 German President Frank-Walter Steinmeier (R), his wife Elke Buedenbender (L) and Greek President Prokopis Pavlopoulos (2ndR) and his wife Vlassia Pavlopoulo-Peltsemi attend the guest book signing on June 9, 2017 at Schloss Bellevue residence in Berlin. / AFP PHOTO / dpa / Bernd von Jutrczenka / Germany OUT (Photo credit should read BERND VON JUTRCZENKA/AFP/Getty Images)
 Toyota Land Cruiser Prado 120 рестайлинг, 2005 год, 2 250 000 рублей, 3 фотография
◆ ◆ ◆ ◆ ◆
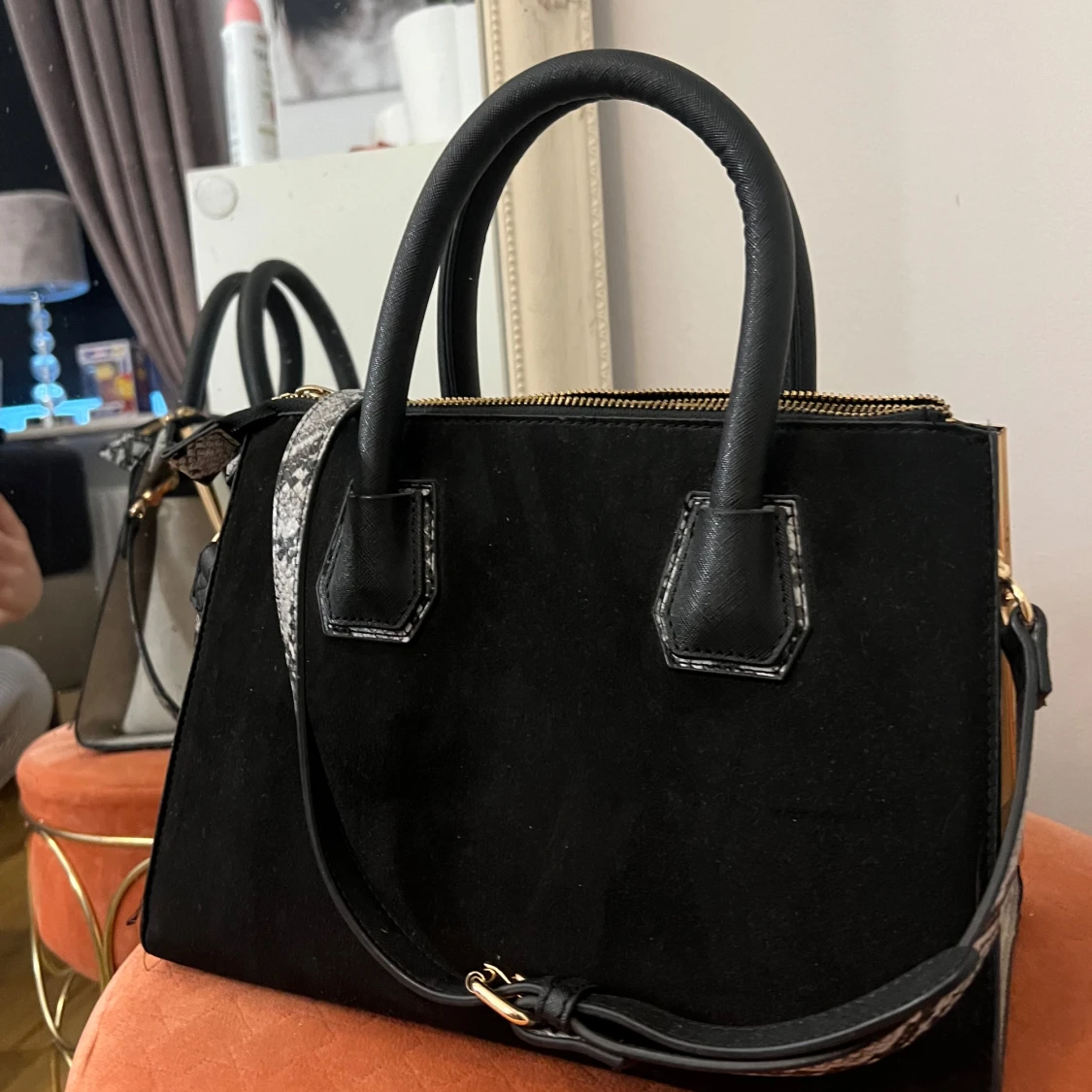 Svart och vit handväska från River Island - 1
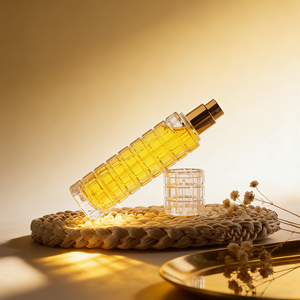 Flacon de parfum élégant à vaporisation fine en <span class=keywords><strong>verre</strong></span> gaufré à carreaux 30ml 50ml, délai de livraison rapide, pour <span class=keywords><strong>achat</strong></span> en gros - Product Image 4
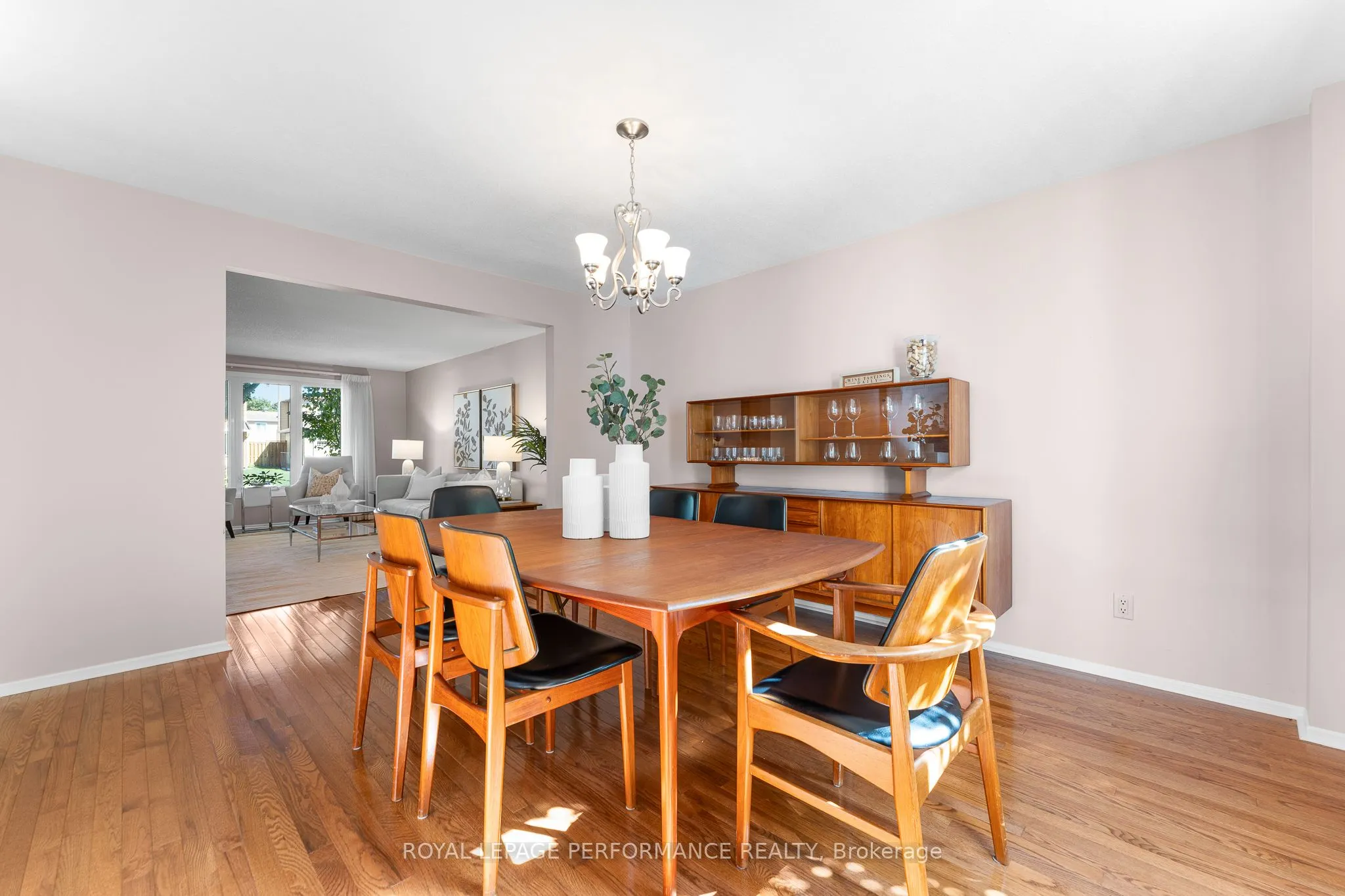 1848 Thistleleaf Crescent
◆ ◆ ◆ ◆ ◆
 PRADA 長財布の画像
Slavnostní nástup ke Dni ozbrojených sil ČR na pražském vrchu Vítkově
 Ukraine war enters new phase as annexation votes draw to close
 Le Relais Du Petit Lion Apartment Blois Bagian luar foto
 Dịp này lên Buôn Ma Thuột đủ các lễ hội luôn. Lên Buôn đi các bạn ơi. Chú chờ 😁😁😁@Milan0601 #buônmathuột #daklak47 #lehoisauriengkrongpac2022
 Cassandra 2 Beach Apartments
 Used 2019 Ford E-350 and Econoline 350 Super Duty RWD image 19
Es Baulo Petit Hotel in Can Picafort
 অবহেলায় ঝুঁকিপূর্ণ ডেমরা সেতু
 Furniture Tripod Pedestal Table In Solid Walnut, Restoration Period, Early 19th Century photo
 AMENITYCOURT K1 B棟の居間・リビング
◆ ◆ ◆ ◆ ◆
### [Action item]
Taking the entries above, print exactly the lines starting at the line with "German President Frank-Walter" and ending at the line with "Toyota Land Cruiser", both included.

### [Solution for this problem]
 German President Frank-Walter Steinmeier (R), his wife Elke Buedenbender (L) and Greek President Prokopis Pavlopoulos (2ndR) and his wife Vlassia Pavlopoulo-Peltsemi attend the guest book signing on June 9, 2017 at Schloss Bellevue residence in Berlin. / AFP PHOTO / dpa / Bernd von Jutrczenka / Germany OUT (Photo credit should read BERND VON JUTRCZENKA/AFP/Getty Images)
 Toyota Land Cruiser Prado 120 рестайлинг, 2005 год, 2 250 000 рублей, 3 фотография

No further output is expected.